Channeling a view from the other side

Thomas Hogan Kevin Dykes

July 30, 2021

I am a criminal. Nice to meet you. I am 21 years old, right at the peak of my criminal power. I live in a big city. I have been to juvenile placement, county jail, and state prison. Let me tell you what I think about today’s criminal-justice system.

Before we go any further, please disabuse yourself of the notion that I am dumb. I watch, listen, and learn from what happens around me. In some ways, I’m probably smarter than you. I bought three kilograms of cocaine for $93,000 last week. Quick: tell me how many quarter pounds, ounces, and eight-balls I have, and what should I sell each amount for if I need to make $250,000. I did that in my head while you were reaching for a calculator.


The media and academics call us “nonviolent drug offenders,” but a nonviolent drug dealer is like a kindergarten teacher who doesn’t like kids: out of work. We sit on highly valuable merchandise and stacks of cash; of course, we carry guns. We are always at risk of being robbed, of what business people would call “hostile takeovers.” Since we can’t go to the police and complain, we’re as violent as we need to be to protect our business and our territory. Sometimes that requires merely the threat of violence, sometimes more.

Guns are easy to get, though I have a felony record and bad intentions. I can buy a gun on the street for $200. I can get a civilian with a clean record to walk into a gun store and buy me a new one. Ghost guns are available, though not really necessary. You can incentivize gun buybacks, outlaw assault rifles, confiscate bump stocks, or create new laws; none of it affects me.

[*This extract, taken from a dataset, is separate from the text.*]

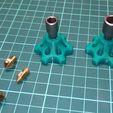 IMG_20200301_165255.jpg Бесплатный STL файл Hotend Nozzle Wrench・Модель 3D-принтера для скачивания
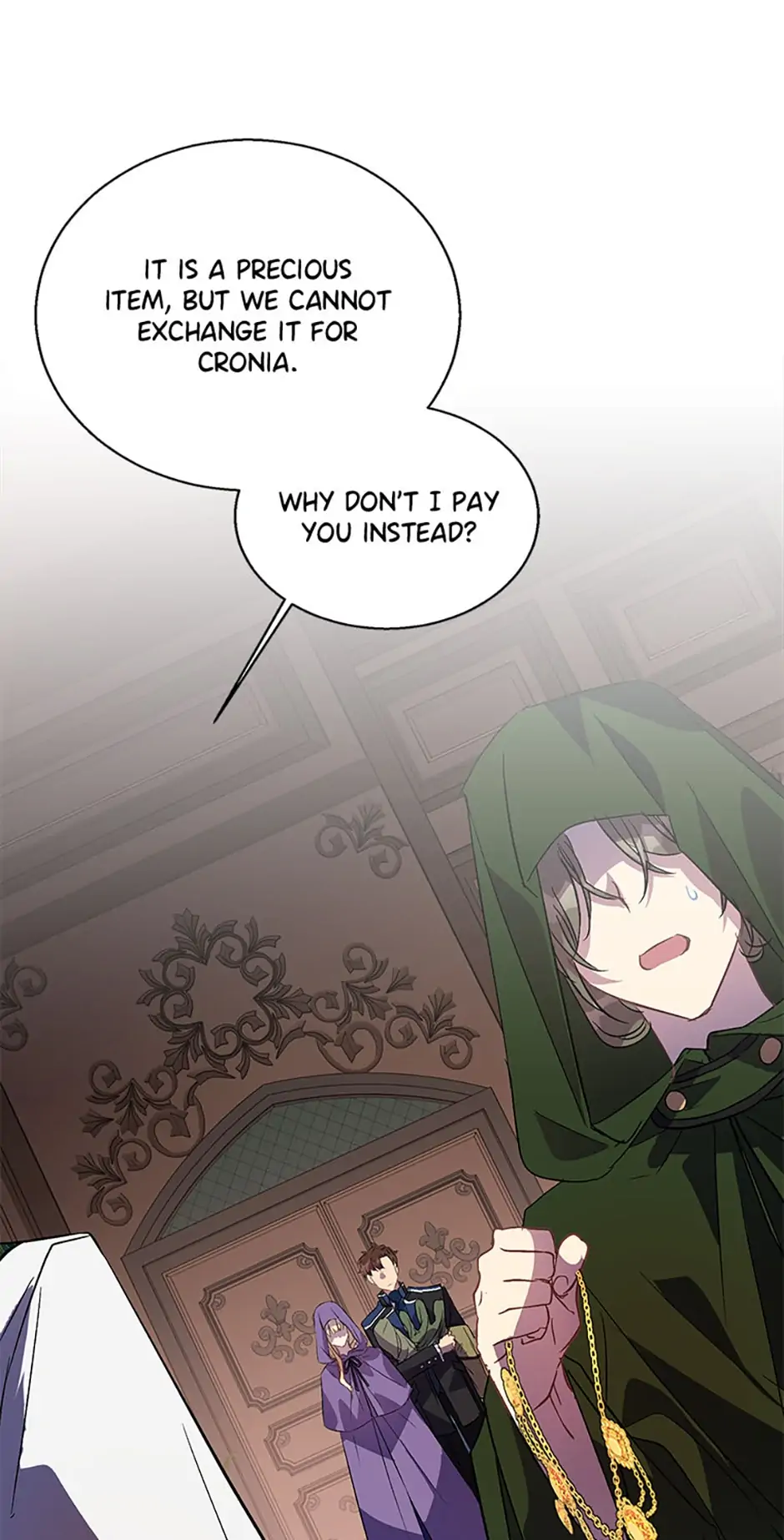 The Beloved Fake Saint Chapter 20 - page 67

So life is pretty good for me right now. In the Wall Street Journal the other day, Peggy Noonan called this a “golden age for street criminals.” But I might not make it long beyond 25 years old. With all the drama out here, I could end up dead. A lot of guys in my neighborhood have been killed. Or I might go to prison for a long stretch if the federal authorities or state attorney general get involved. I am living out the old curse: “May you live in interesting times.”

Is there any chance that America comes to its senses and starts cracking down on guys like me? I look at social media, listen to the news, read the occasional newspaper, and pay attention to politics. I don’t see it happening for at least a decade. So I’m going to keep doing what I do. Nothing personal—just business.